# Nationality



## skycloud86 (Jul 15, 2009)

I was looking at some of my pictures of myself and I was wondering about this. If all you knew about me was my face, what nationality would you say i was?


----------



## cdeuterian (Apr 28, 2010)

I would probably guess Romanian b/c you somewhat resemble a Romanian I know.


----------



## nallyha (Apr 23, 2010)

Irish/ Scottish


----------



## Promethea (Aug 24, 2009)

My first guess would be that you are from one of the nordic countries.. second guess would be anglo. xD


----------



## LeafStew (Oct 17, 2009)

nallyha said:


> Irish/ Scottish


Yea, that's what I would of guessed as well.


----------



## 7wonders (Apr 8, 2010)

Eastern European/Russian


----------



## Abschaum (Dec 12, 2009)

Eastern European/Russian


----------



## roxtehproxy (Sep 9, 2009)

nallyha said:


> Irish/ Scottish


I agree. Somewhere around eastern Europe, leaning towards Scottish.


----------



## Diphenhydramine (Apr 9, 2010)

Welsh, for sure.


----------



## Rayne (Apr 28, 2010)

Mr.Katzenjammer said:


> I agree. Somewhere around eastern Europe, leaning towards Scottish.


Scotland is western Europe










Eastern Europe is the other way.


----------



## 7wonders (Apr 8, 2010)

Graice said:


> Eastern Europe is the other way.


 
I'm guessing something East of Germany...are you going to tell us??


----------



## skycloud86 (Jul 15, 2009)

I do have some recent Irish ancestry and more distant Scottish ancestry, with two unknown maternal great great grandfathers.

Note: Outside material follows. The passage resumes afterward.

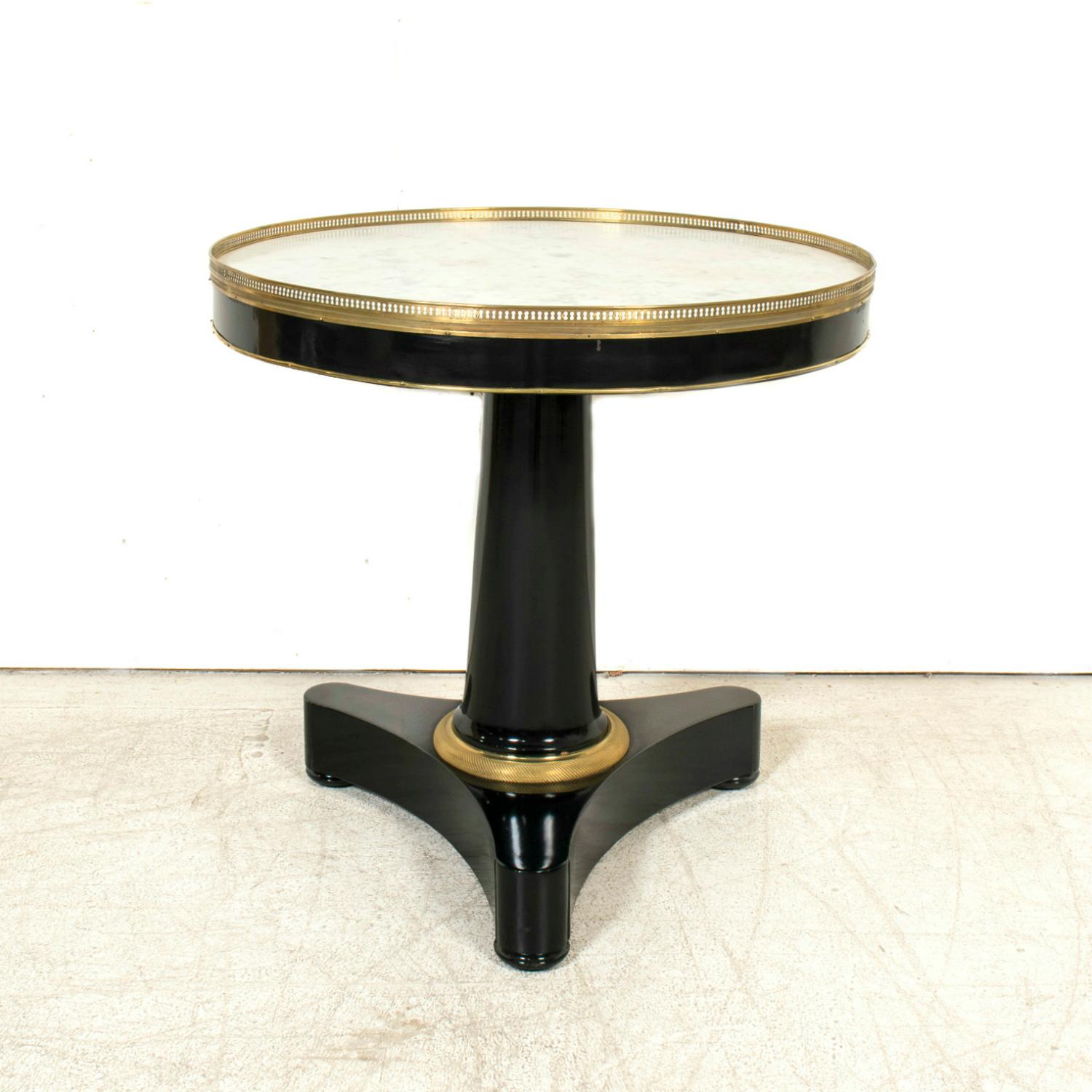 Mesa Gueridón Ebonizada de la Época Imperio Francesa del Siglo XIX con Mármol de Carrara siglo XIX en venta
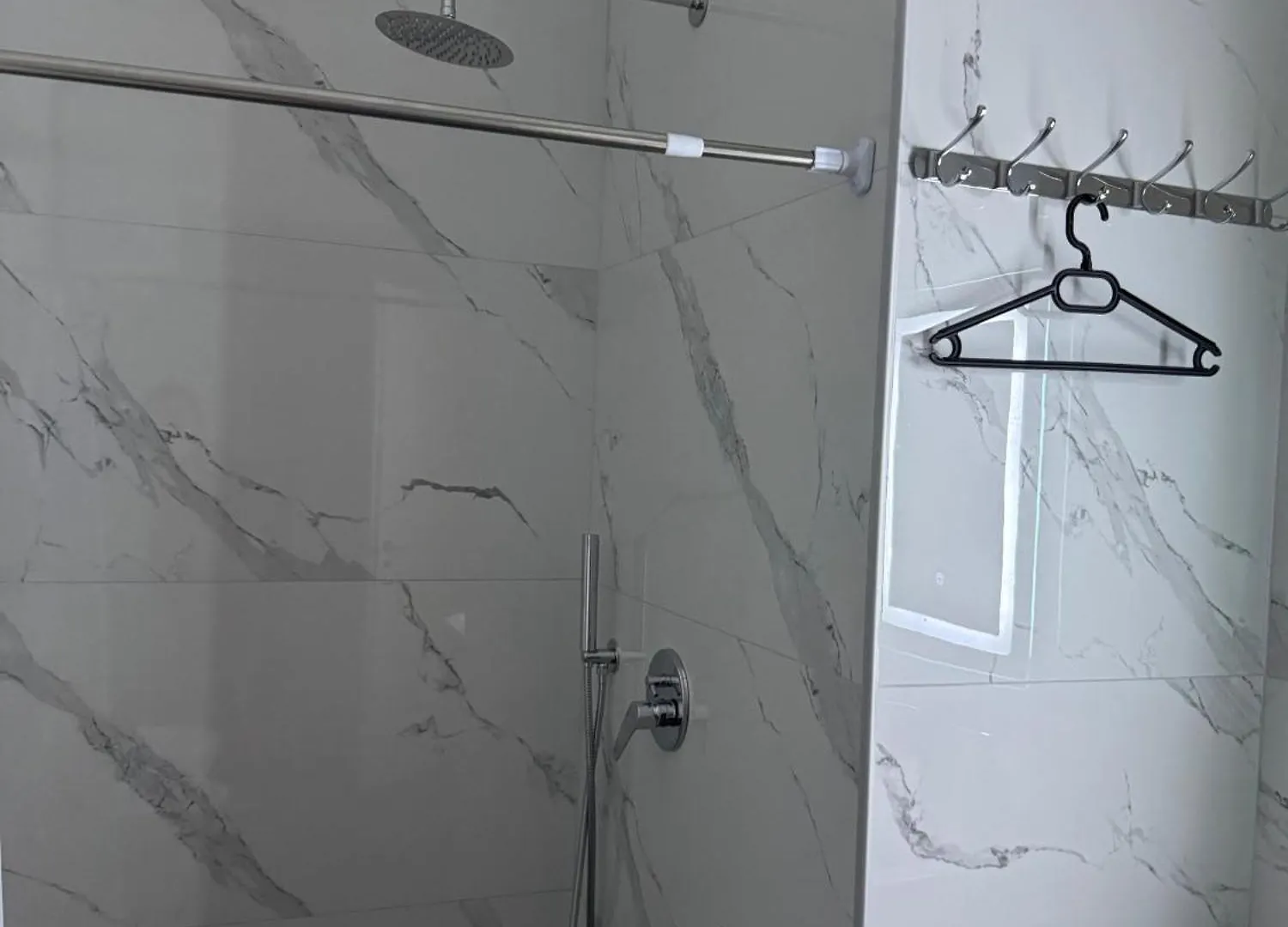 Apartman Bright & Roomy Tirana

Most of my recent ancestry is English.

Interesting how a lot of people think I look Eastern European.


----------



## firedell (Aug 5, 2009)

Swedish. :tongue: I think it's the blue eyes and fair skin.


----------



## Mikbert (Jul 19, 2009)

Promethea said:


> My first guess would be that you are from one of the nordic countries.. second guess would be anglo. xD





inebriato said:


> Swedish. :tongue: I think it's the blue eyes and fair skin.



Nordic people, especially swedes, have sharper features.


----------



## Nog (May 26, 2010)

Mikbert said:


> Nordic people, especially swedes, have sharper features.


Knowing several I can politely disagree with this. And looking at the pictures of bands from cd covers. Some of them really don't fit into the stereotype at all. But then I haven't visited Scandinavia so........


----------



## Diphenhydramine (Apr 9, 2010)

You don't look Eastern European at all. Slavs have very sharp facial features.


----------



## HannibalLecter (Apr 18, 2010)

You look Germanic; mainly because of your nose. If not, then I'd say northeastern European.


----------



## 7wonders (Apr 8, 2010)

Interesting...I had several half Russian cousins and worked with a Romanian lady (and met her family), my daughters best friend at daycare's familiy had immigrated from Romanian...they all had a similar appearance to skycloud86. That is why I guessed what I did, I suppose :wink: Just goes to show, you never know!


----------



## danicx (Dec 5, 2009)

I'd say Irish. But I see where people are getting Eastern European. You have very distinct bone structure, not in a "classic" way that might appear English, but more angular and unusual, a more Slavic quality. Your nose/eye colour strikes me as Irish though.


----------



## skycloud86 (Jul 15, 2009)

I can't really see the angular bones myself, but I am overweight.


----------